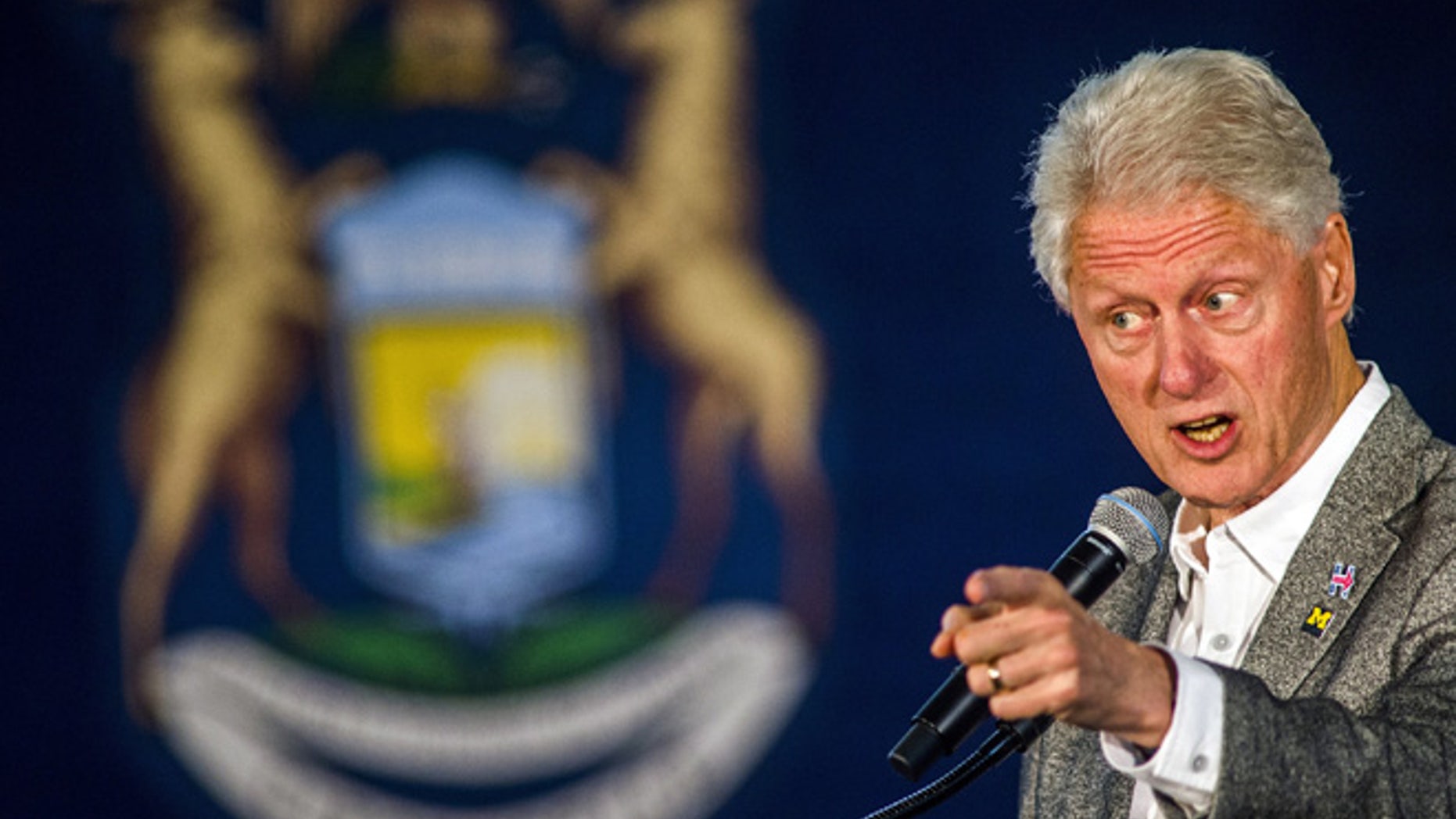 Former President Bill Clinton speaks, Monday, Oct. 3, 2016 at Northbank Center in downtown Flint, Mich. Clinton is campaigning for his wife, 2016 Democratic presidential nominee Hillary Clinton, in Michigan. (Jake May/The Flint Journal via AP)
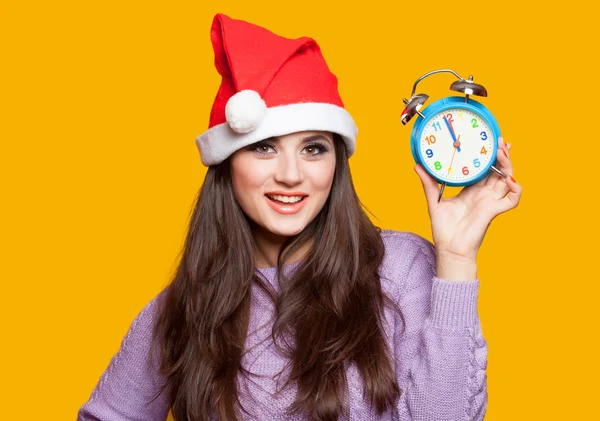 Brunette girl with alarm clock on yellow background. — Stock Photo, Image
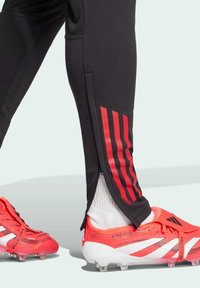 Black athletic pants with red vertical stripes, featuring side zippers. Paired with bright red soccer cleats with white accents.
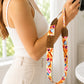 Person holding a camera with a colorful strap featuring heart designs.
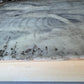 Marble-like surface with swirling patterns and speckles on a wooden base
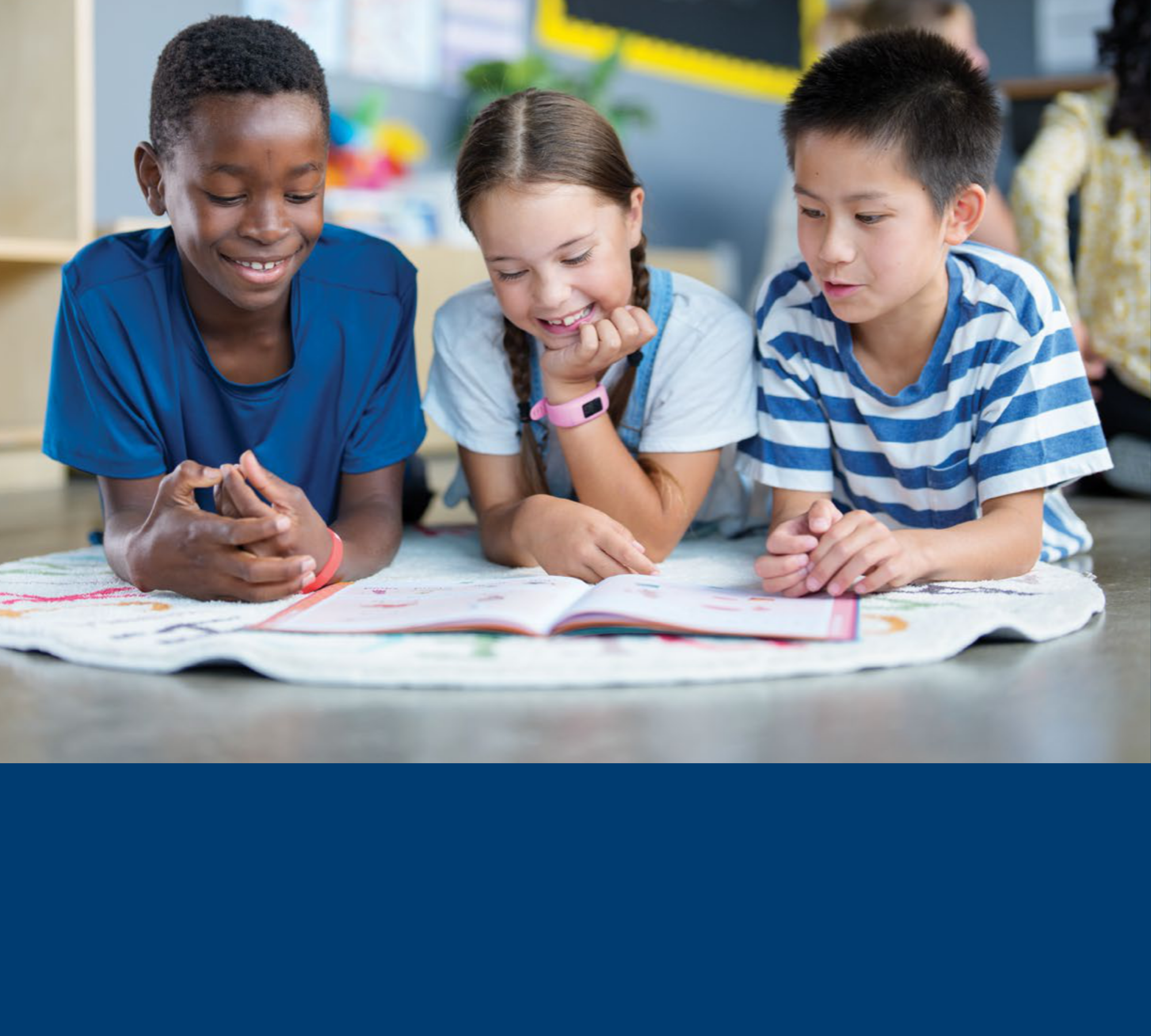 Students reading a book together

━━━

- **EXERCISE OBJECTIVE**
Starting with the line that holds "Person holding a", retype each line through the last one in the listing above, exactly as written. Do not copy any pictures.

- **WORKED SOLUTION**
 Person holding a camera with a colorful strap featuring heart designs.
 Marble-like surface with swirling patterns and speckles on a wooden base
 Students reading a book together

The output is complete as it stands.